[The input]

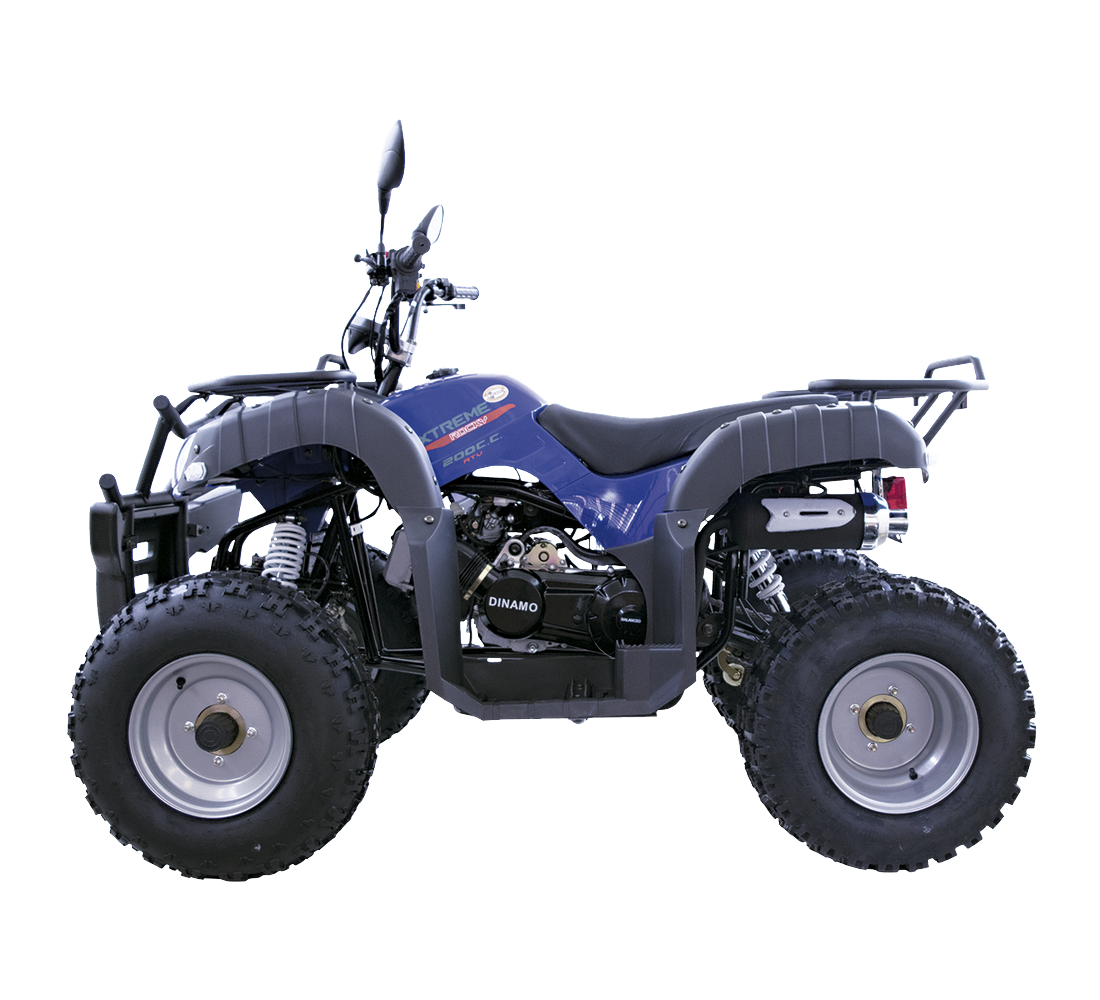 Dinamo Xtreme Rocky Galeria4 Galgo México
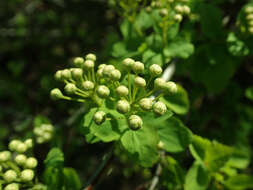 Image of Spiraea nipponica Maxim.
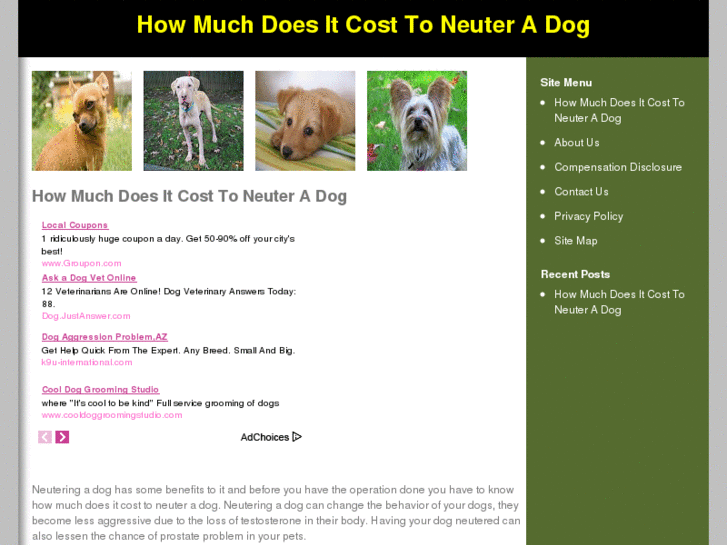 www.howmuchdoesitcosttoneuteradog.com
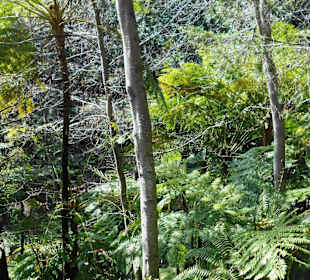 Monte Palace Tropical Garden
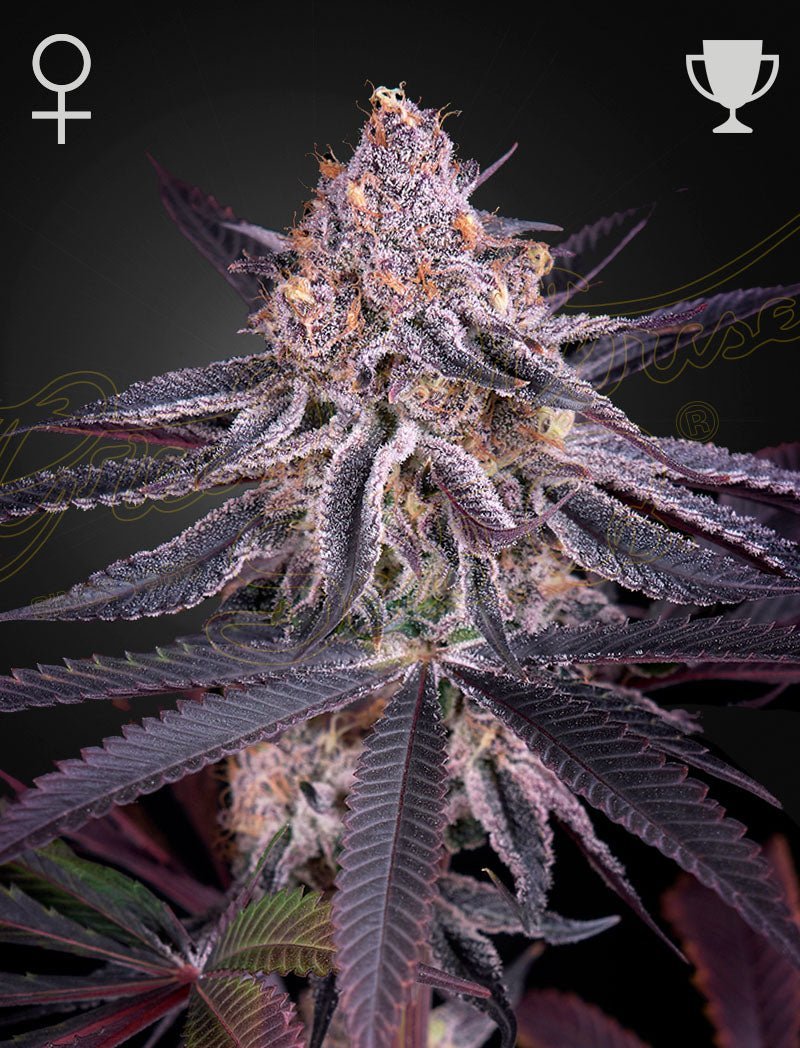 King's Juice Green House Seed co. 3kpl siemenpakkaus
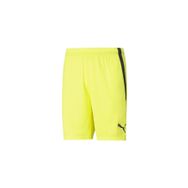 Puma Teamliga Shorts Sarı Erkek Futbol Şortu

[/The input]

Action item: Leave out every picture and copy the rest of the records exactly.

Completed exercise:
 Dinamo Xtreme Rocky Galeria4 Galgo México
 Image of Spiraea nipponica Maxim.
 www.howmuchdoesitcosttoneuteradog.com
 Monte Palace Tropical Garden
 King's Juice Green House Seed co. 3kpl siemenpakkaus
 Puma Teamliga Shorts Sarı Erkek Futbol Şortu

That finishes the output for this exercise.